In [None]:
!pip install ultralytics

In [2]:
from google.colab import drive
drive.mount('/content/drive')


Mounted at /content/drive


# Step 1: Data Preprocessing
**Extract Frames from Videos:**

Extract frames from videos in the enemy and ally folders at 2 frames per second.
Run YOLOv11 on Each Frame:

Use a pre-trained YOLOv11 model to detect persons in each frame.
Filter detections for people (class ID 0 in YOLO).
Labeling:

Label detections as enemy (class 0) for frames from the enemy videos.
Label detections as ally (class 1) for frames from the ally videos.
Save the frame image and corresponding label in YOLO format (x_center y_center width height).
Organize Data:

Store frames as images in the images/train folder.
Store corresponding labels as .txt files in the labels/train folder.

In [9]:
import os
import cv2
import numpy as np
from pathlib import Path
from ultralytics import YOLO

# Paths to your data on Google Drive
enemy_folder = "/content/drive/MyDrive/Counter Strike/Counter Strike/counter-terrorists"  # Path to enemy folder
ally_folder = "/content/drive/MyDrive/Counter Strike/Counter Strike/terrorists"    # Path to ally folder
output_images_folder = "/content/drive/MyDrive/yolov11_data/images/train"  # Output folder for images
output_labels_folder = "/content/drive/MyDrive/yolov11_data/labels/train"  # Output folder for labels

# Ensure the output labels folder exists
os.makedirs(output_labels_folder, exist_ok=True)
os.makedirs(output_images_folder, exist_ok=True)

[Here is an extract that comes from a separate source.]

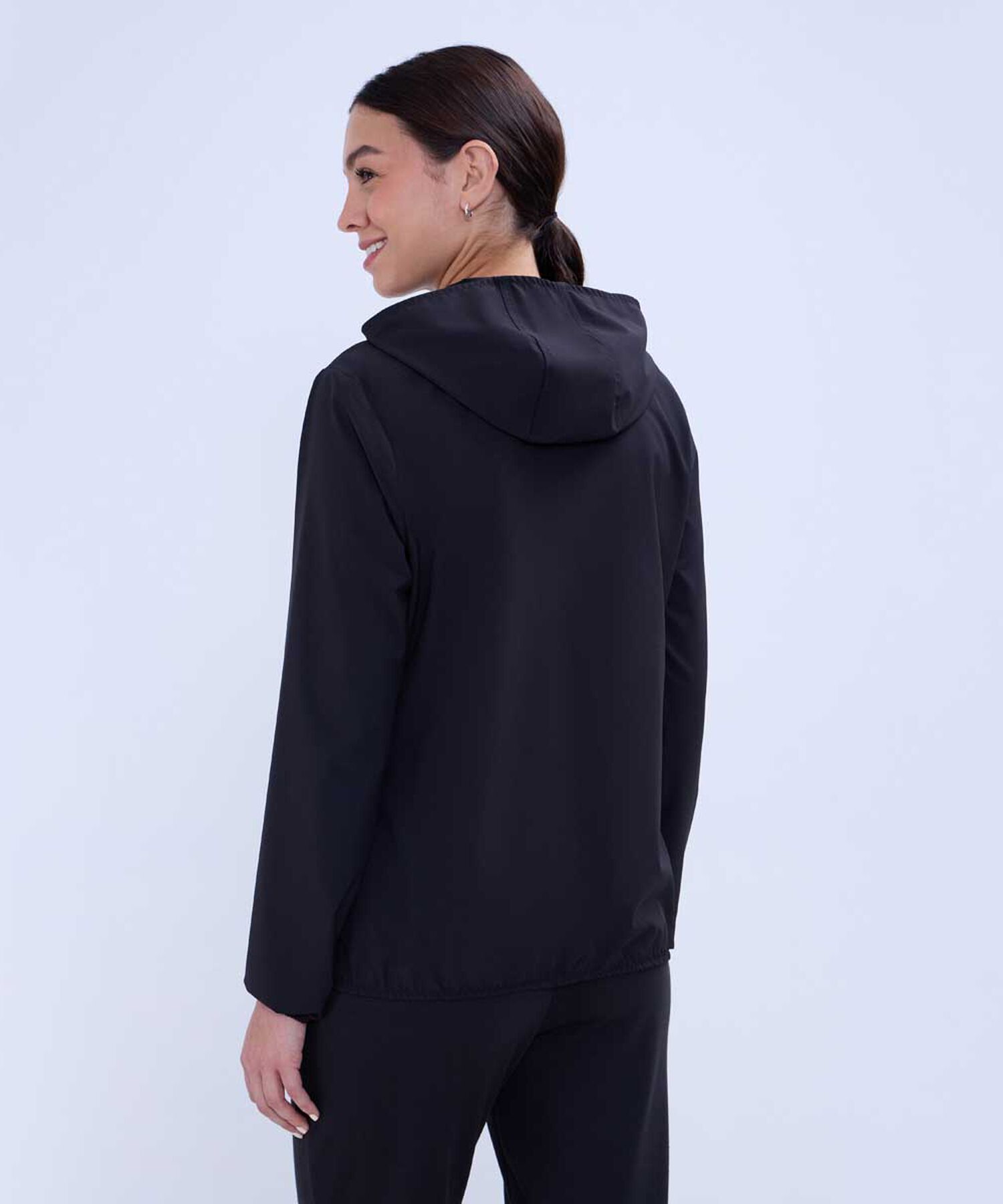 chaquetas deportivas mujer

# Load YOLOv8 model (pre-trained weights)
model = YOLO("yolov11s.pt")  # You can use a larger model if needed, like yolov11l.pt

# Function to process each frame and label it
def process_and_label_frame(frame, label_class, frame_idx, video_name):
    height, width = frame.shape[:2]

    # Inference: Get the results (detected persons)
    results = model(frame)  # Perform inference on frame

    # Process detections
    detections = results[0].boxes.xywh  # xywh format of bounding boxes
    confidences = results[0].boxes.conf  # Confidence scores
    class_ids = results[0].boxes.cls  # Class IDs for detected objects

    # Ensure the label directory exists before writing label file
    label_file = os.path.join(output_labels_folder, f"{video_name}_frame_{frame_idx}.txt")

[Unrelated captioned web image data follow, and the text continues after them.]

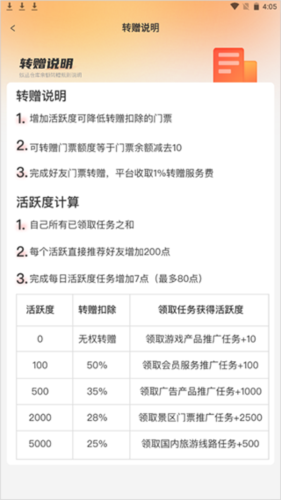 蚁丛旅游2024年最新版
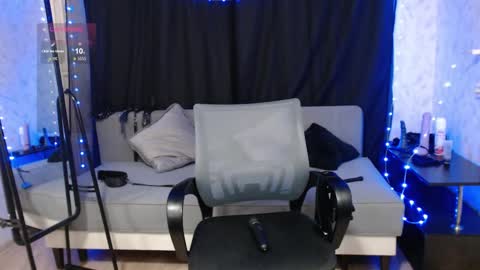 Snapshot of goddess_orsa chatting on February 2025 10:36:02 PM Orsa online show from February 2025 10:36:02 PM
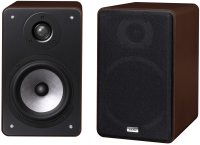 Teac LS-H255 Walnut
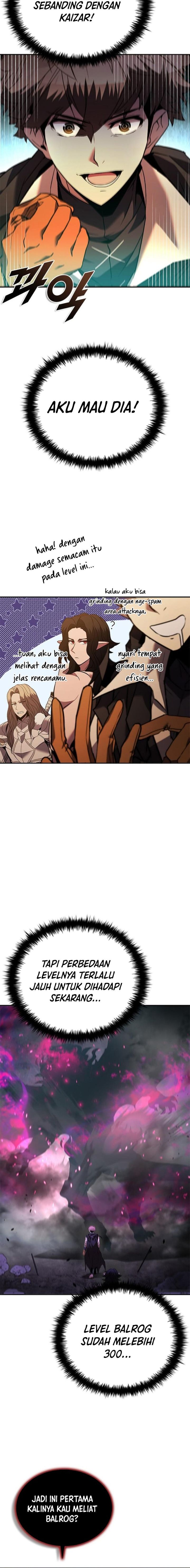 Taming Master Chapter 145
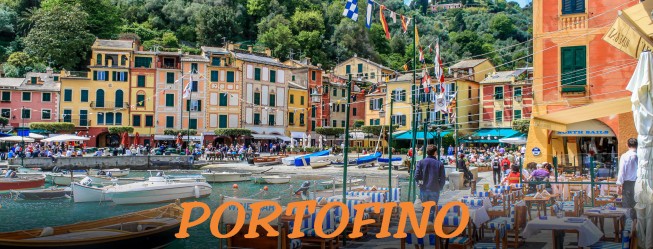 portofino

    with open(label_file, 'w') as f:
        for i, det in enumerate(detections):
            if class_ids[i] == 0:  # We are only interested in persons (class 0 in COCO)
                # Convert to YOLO format (normalized coordinates)
                x_center = det[0] / width
                y_center = det[1] / height
                w = det[2] / width
                h = det[3] / height

                # Write the label to file (0 for enemy, 1 for ally)
                f.write(f"{label_class} {x_center} {y_center} {w} {h}\n")

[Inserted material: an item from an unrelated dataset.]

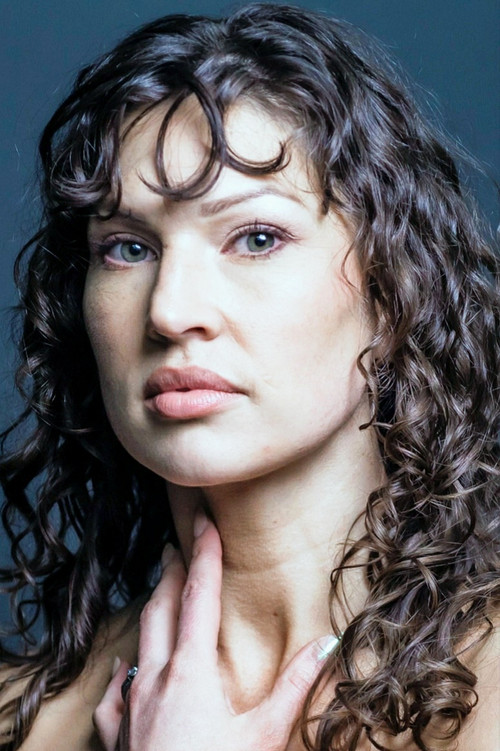 Jессие МцЦлоскей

    # Save frame (optional)
    output_img_path = os.path.join(output_images_folder, f"{video_name}_frame_{frame_idx}.jpg")
    cv2.imwrite(output_img_path, frame)

# Function to process videos from enemy and ally folders
def process_video(video_path, label_class):
    video_name = os.path.basename(video_path).split('.')[0]

    # Open the video file
    cap = cv2.VideoCapture(video_path)
    frame_rate = cap.get(cv2.CAP_PROP_FPS)  # Get the FPS of the video
    interval = int(frame_rate / 2)  # Capture two frames per second (every 1/(FPS/2) seconds)

    frame_idx = 0
    current_frame = 0  # Initialize frame counter

    while cap.isOpened():
        ret, frame = cap.read()
        if not ret:
            break

        # Only process every second frame
        if current_frame % interval == 0:
            # Process and label the frame
            process_and_label_frame(frame, label_class, frame_idx, video_name)
            frame_idx += 1

        current_frame += 1

    cap.release()

# Process videos in both enemy and ally folders
def process_videos():
    # Process enemy videos and label persons as "enemy" (class 0)
    for video_name in os.listdir(enemy_folder):
        video_path = os.path.join(enemy_folder, video_name)
        if video_path.endswith(('.mp4', '.avi', '.mov')):
            process_video(video_path, label_class=0)  # Enemy label

    # Process ally videos and label persons as "ally" (class 1)
    for video_name in os.listdir(ally_folder):
        video_path = os.path.join(ally_folder, video_name)
        if video_path.endswith(('.mp4', '.avi', '.mov')):
            process_video(video_path, label_class=1)  # Ally label

# Run the function to process videos
process_videos()



0: 384x640 1 person, 1 bus, 11.6ms
Speed: 1.8ms preprocess, 11.6ms inference, 1.3ms postprocess per image at shape (1, 3, 384, 640)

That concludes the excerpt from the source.